Actually, just back on that, the framing of that target has always disgusted me, its just wholly negative and meaningless - someone living in their car is no longer in emergency housing but nobody would consider that a good thing.
Its really frustrating that stuff like that is not only allowed to fly, but gets parroted by the media and then becomes embedded as a way of viewing the problem.
A far more positive target - one significantly more difficult to achieve without actually having to invest money - would be to measure the number of people in secure, permanent housing and set a target to get that near 100%.
That may also be difficult. Measuring the number of families on the emergency housing list is straightforward (even if misleading).
Measuring the number of homeless people is harder. Especially because families might be cramming into a friends house or otherwise have a roof over their head that is actually not permanent housing.
Even harder to measure when you've been sacking all the public servants who might have been able to find a way to do it too I guess!

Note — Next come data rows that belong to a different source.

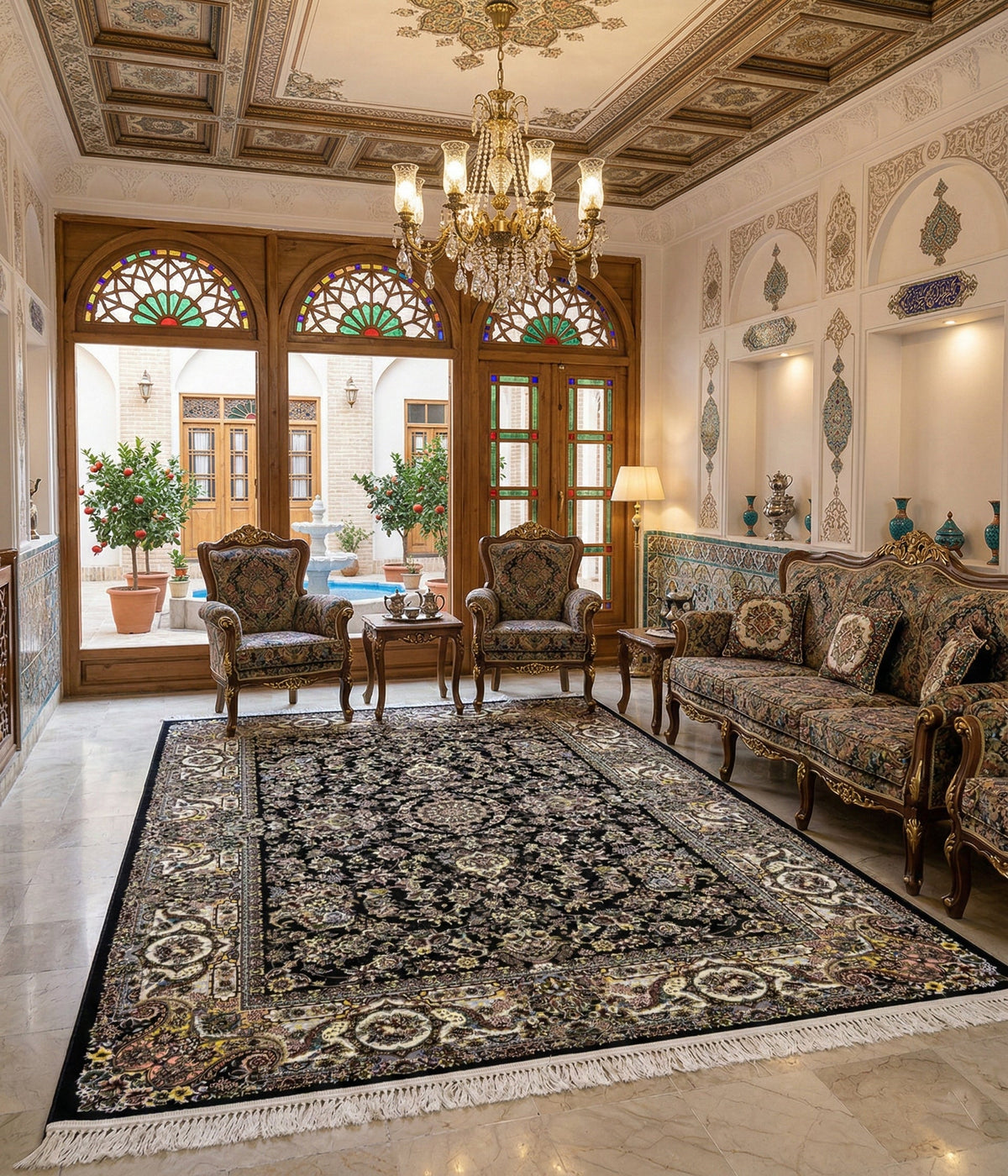 Darya Iranian Imported 1500 Reeds Black Rug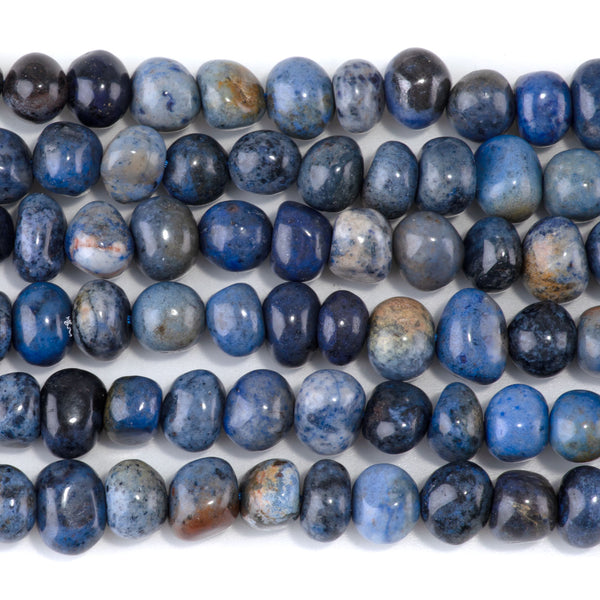 Dumortierite 8x10-9x13mm Side Drilled Pebble - 15-16 Inch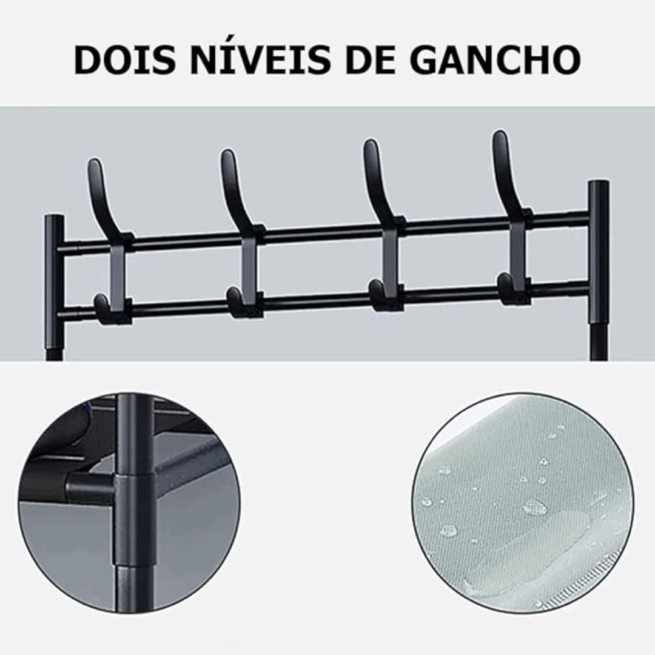 Rack Multifuncional 4 Prateleiras – Arara, Sapateira e Cabideiro Organizador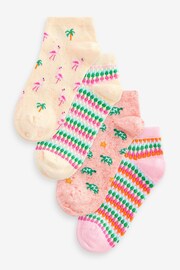 Flamingo / Turtle Textured Trainer Socks 4 Pack - Image 1 of 5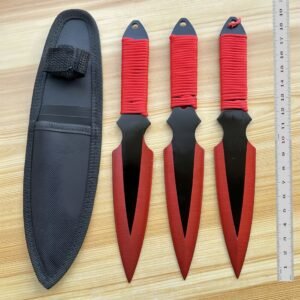 Practice Throwing Knife Set YF122 – 3-Piece, Red accent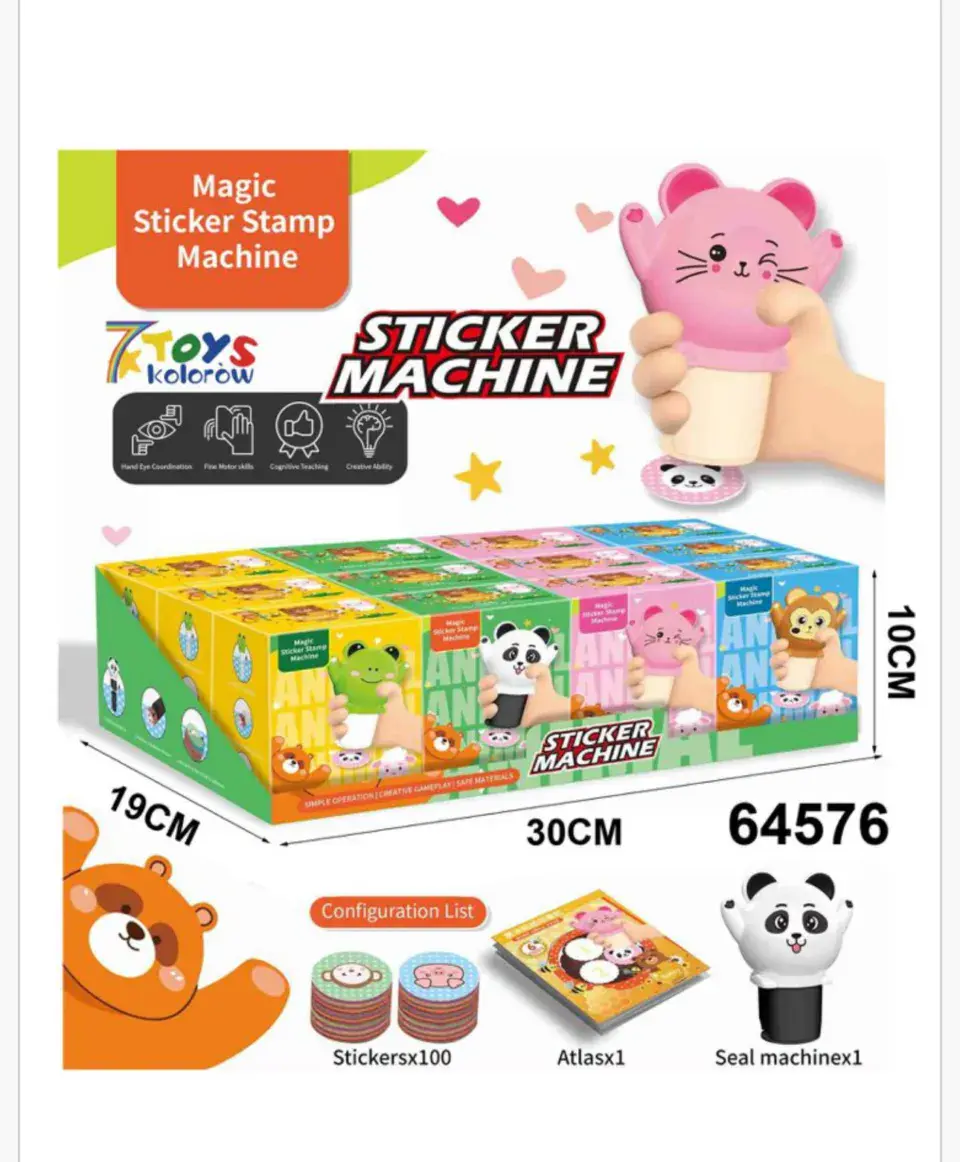 Sticker Machine Maszynka do Naklejek Zwierzątka 100szt Naklejek 12szt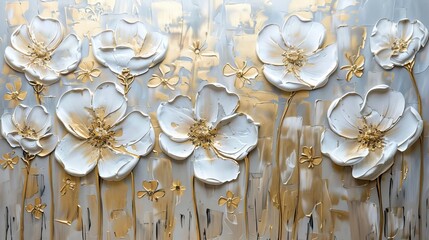 Abstract Floral Oil Painting with Golden Texture, Modern Art Wall Decor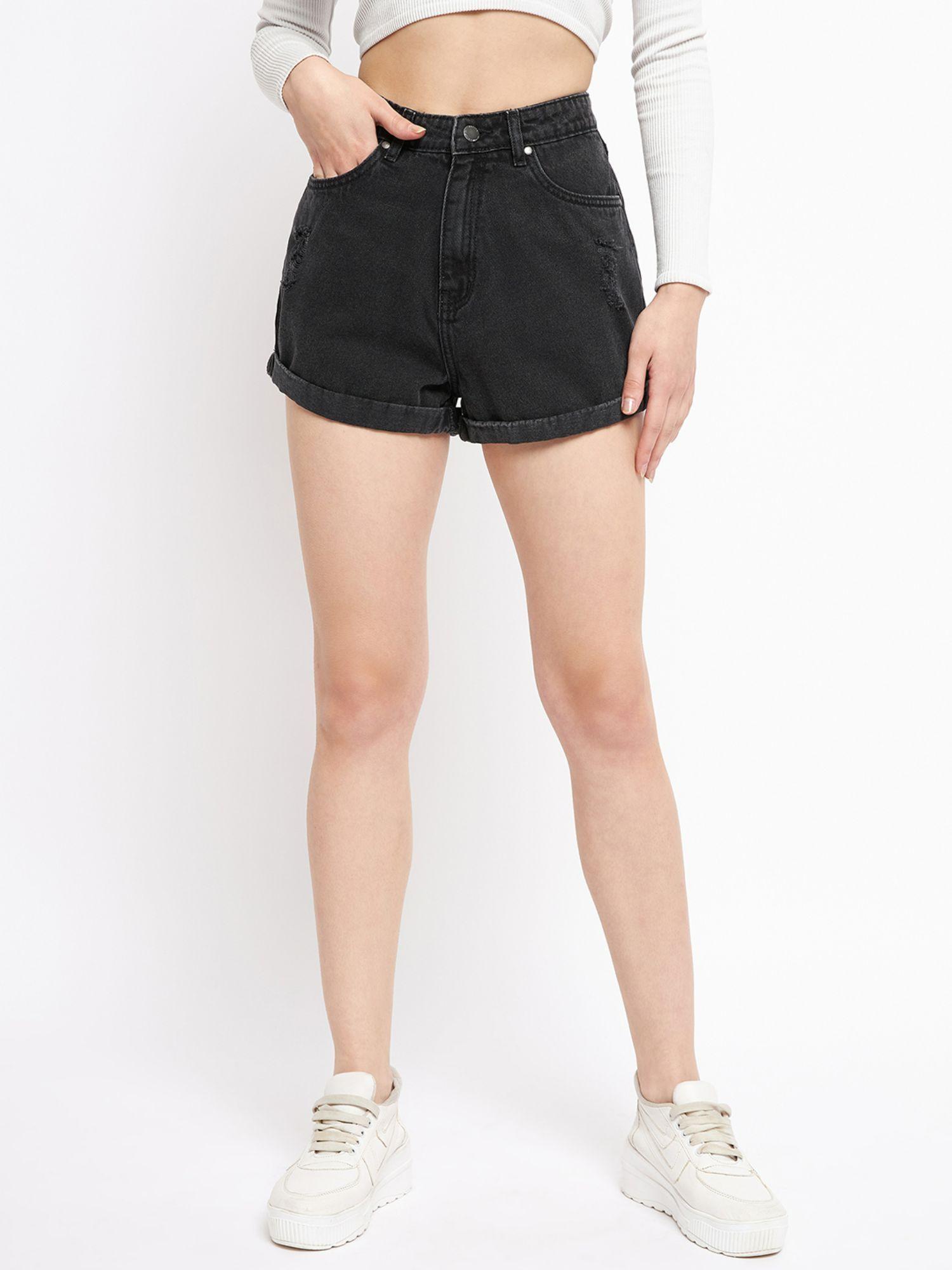 black solid straight fit shorts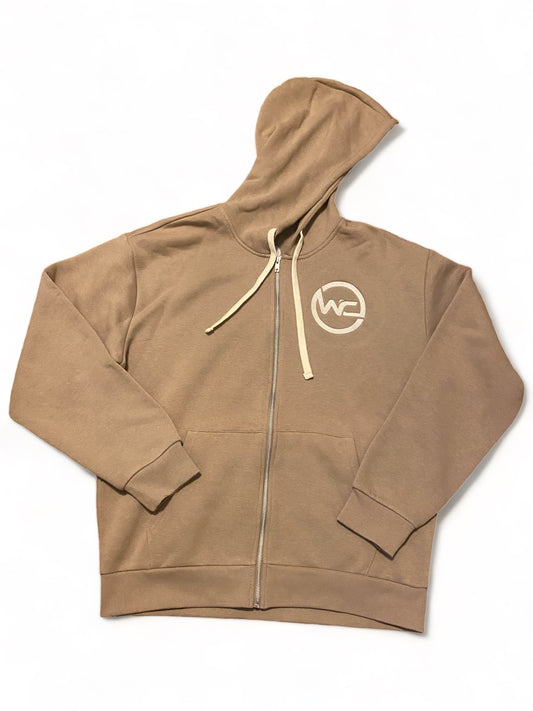 Light brown “🚾” logo zip-up hoodie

Yes, it's been interesting watching the fallout from getting rid of so many public servants and trying to decide if they knew it would happen and are pretending to be surprised or if they were actually surprised.
E.g. collapse of hospitality in the Wellington CBD. They had to know this would happen, and their "get all the public service back to the office" gesture was just lip service as their own data showed most are there most of the time anyway.
But then they had a target to drop the number of people receiving unemployment benefits but they made thousands redundant and there were foreseeable consequences of many others becoming unemployed from businesses supporting the public sector. So why set the target? Was it that they don't understand the economy or just that they hope it will recover by the end of their term?
National is weird in that I think there's some people who are just that callous and don't care about the consequences so long as their class of people does better. Then there are some who are no doubt true believers and think despite all the evidence that the neo-liberal magic economy actually exists. And then there's just the naive socially conservative traditionalists who see it as necessary that the poor need to be punished for their situation etc.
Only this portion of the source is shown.